Democratic Left was never opposed to the restructuring of ERT, but wanted layoffs done while it remained on air. Even now, Democratic Left leader Fotis Kouvelis says that the “Democratic Left…will continue to support the European course of the country and the need to continue reforms in order for Greece to overcome the deep crisis.”
But the base of the government is narrower. Meanwhile the “Left Initiative” led by George Panagiotakopoulos has formally withdrawn from Pasok. The core loyalists of the old Pasok leadership of George Papandreou have political space now to criticise current Pasok leader Evangelos Venizelos from the left.
With the withdrawal of Democratic Left’s 14 deputies, an already widely despised government is deeply unstable, with its majority in the 300-seat Parliament reduced to three.

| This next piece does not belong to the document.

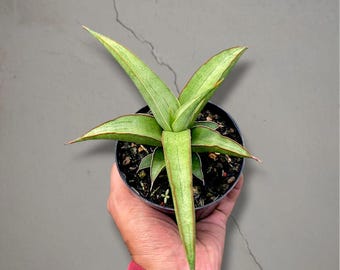 Sansevieria Hybrid Mutia Bonte zeldzame tropische plant – donkergroene geaderde bladeren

Over the last year nine deputies have already left the ND or Pasok fractions in parliament. The government could rapidly lose its three-seat majority in any crisis.
Workers are still occupying ERT offices, although their union leaders are once again ready to work with the government in pushing through austerity. Panagiotis Kalfagiannis, the leader of the broadcast workers’ union, has said: “If the government wants to restructure ERT we agree. We want restructuring. Not a padlocked ERT.”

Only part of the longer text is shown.